# [Exercise]
From the line containing "车险怎么报最划算（车险报险技巧）" down to the final line of the entries below, quote every line verbatim. Exclude pictures.

[Brief descriptive captions]
↓↓↓
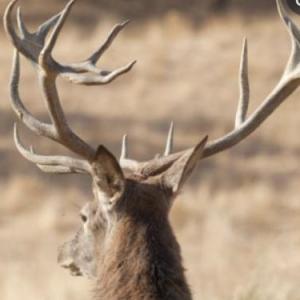 Animales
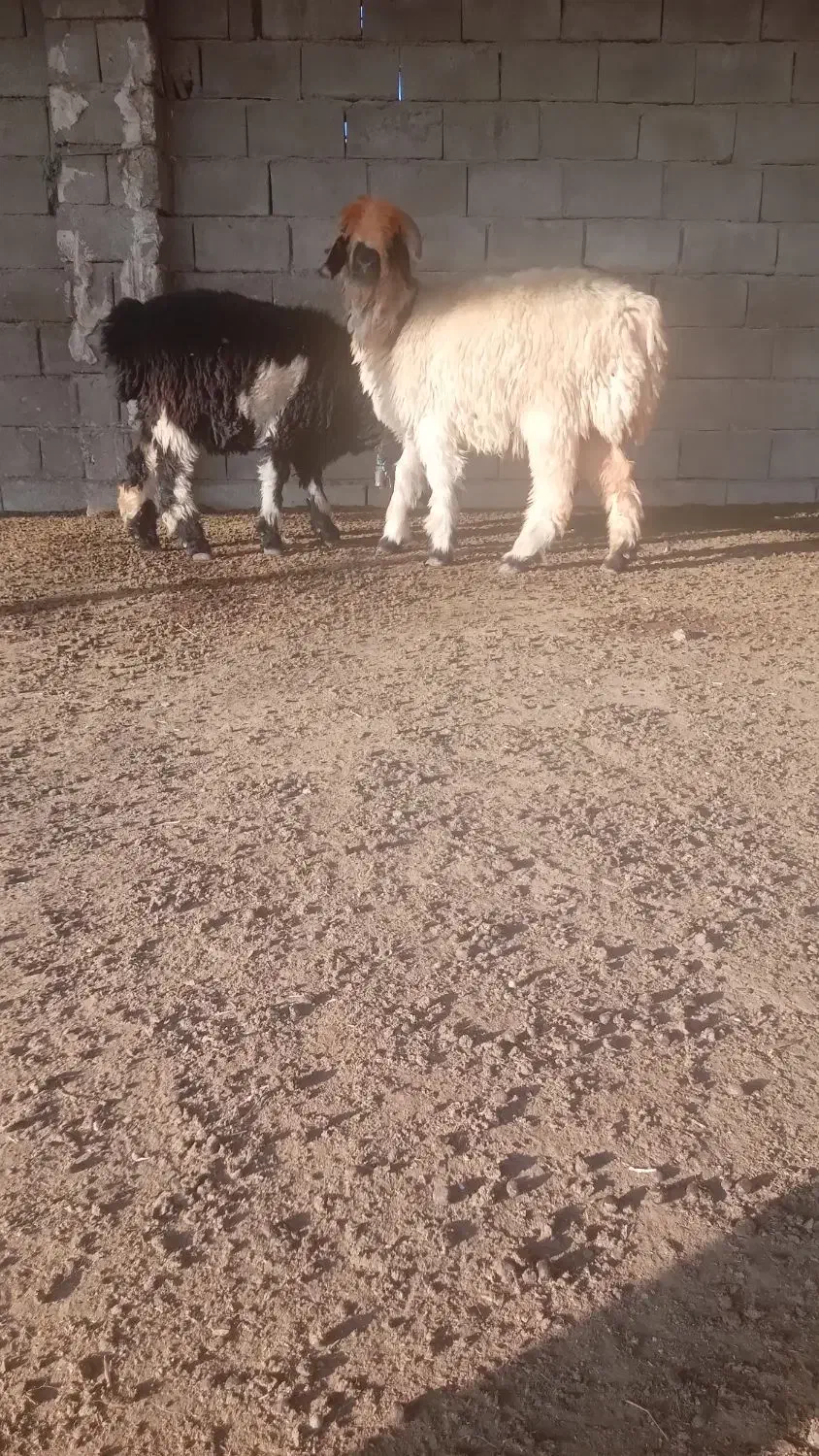 بره کوه|حیوانات مزرعه|گتوند, |دیوار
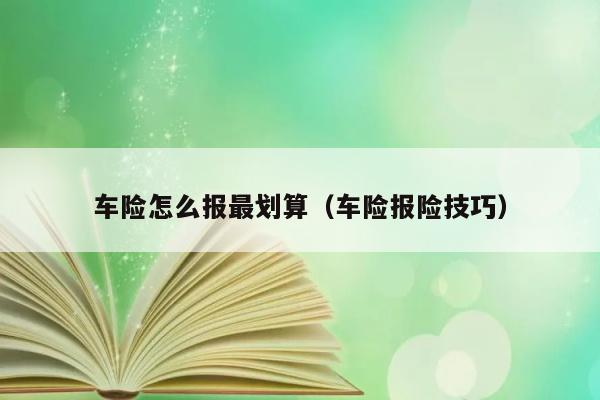 车险怎么报最划算（车险报险技巧） 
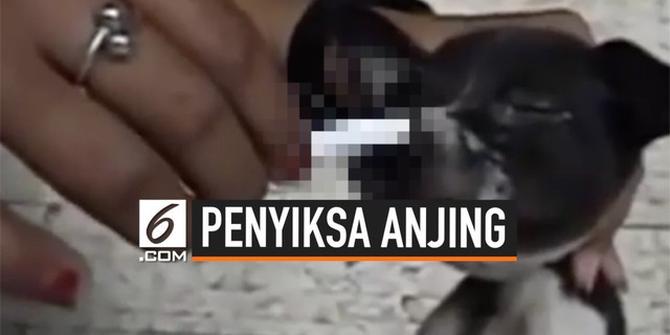 VIDEO: Pecinta Anjing Indonesia Buru Wanita Penyiksa Anjing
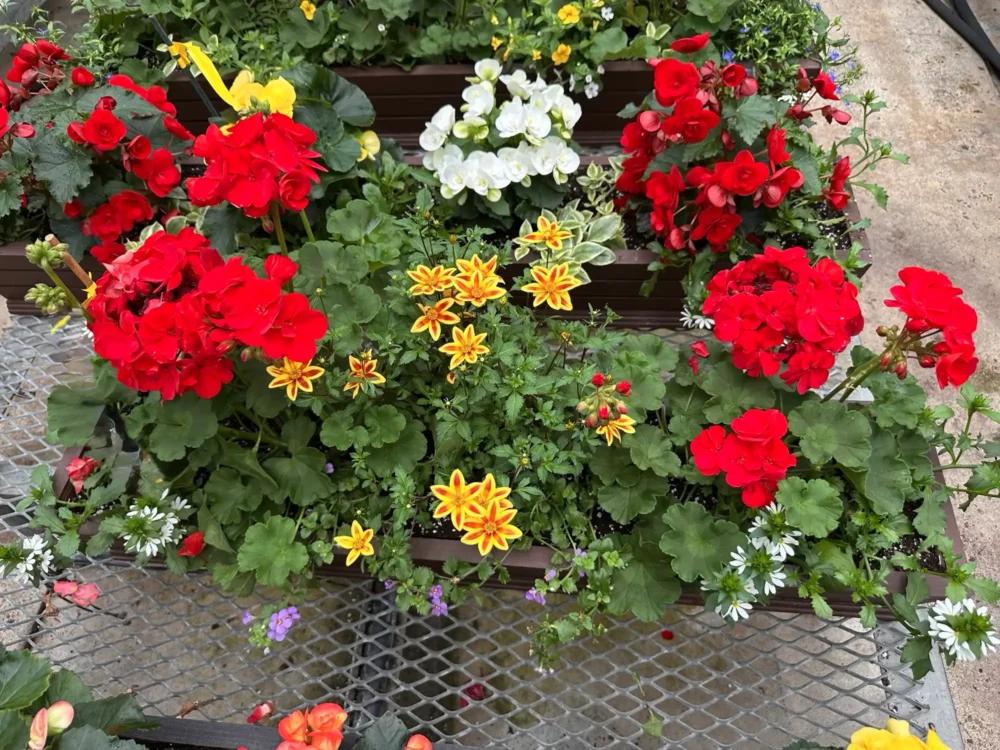 arrangement-dahlia-sauge-euphorbe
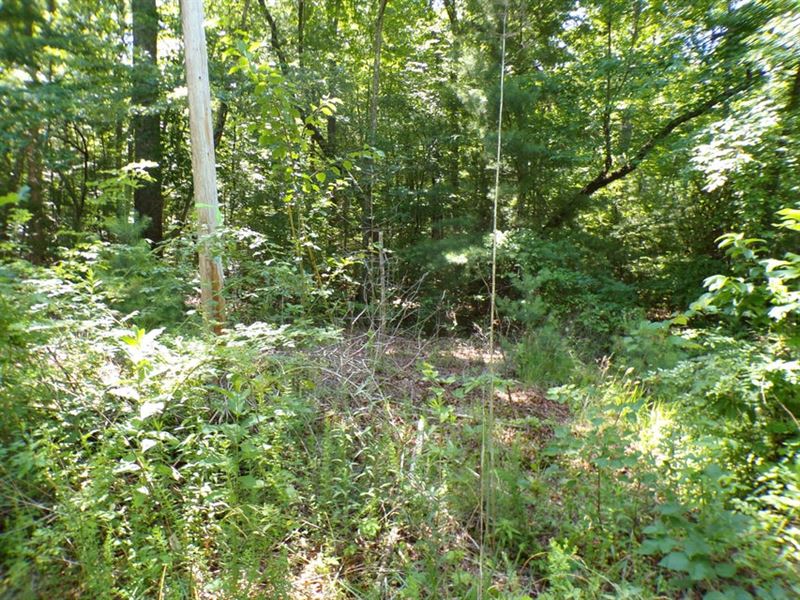 Private, Wooded Lot, Wildlife : Crossville : Cumberland County : Tennessee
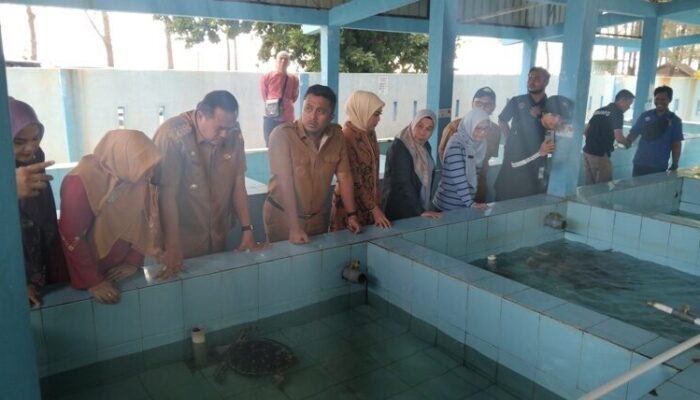 Telur Penyu Jangan Dimakan, Bisa Dijual ke UPTD Penangkaran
↑↑↑
# [Output of the exercise]
 车险怎么报最划算（车险报险技巧） 
 VIDEO: Pecinta Anjing Indonesia Buru Wanita Penyiksa Anjing
 arrangement-dahlia-sauge-euphorbe
 Private, Wooded Lot, Wildlife : Crossville : Cumberland County : Tennessee
 Telur Penyu Jangan Dimakan, Bisa Dijual ke UPTD Penangkaran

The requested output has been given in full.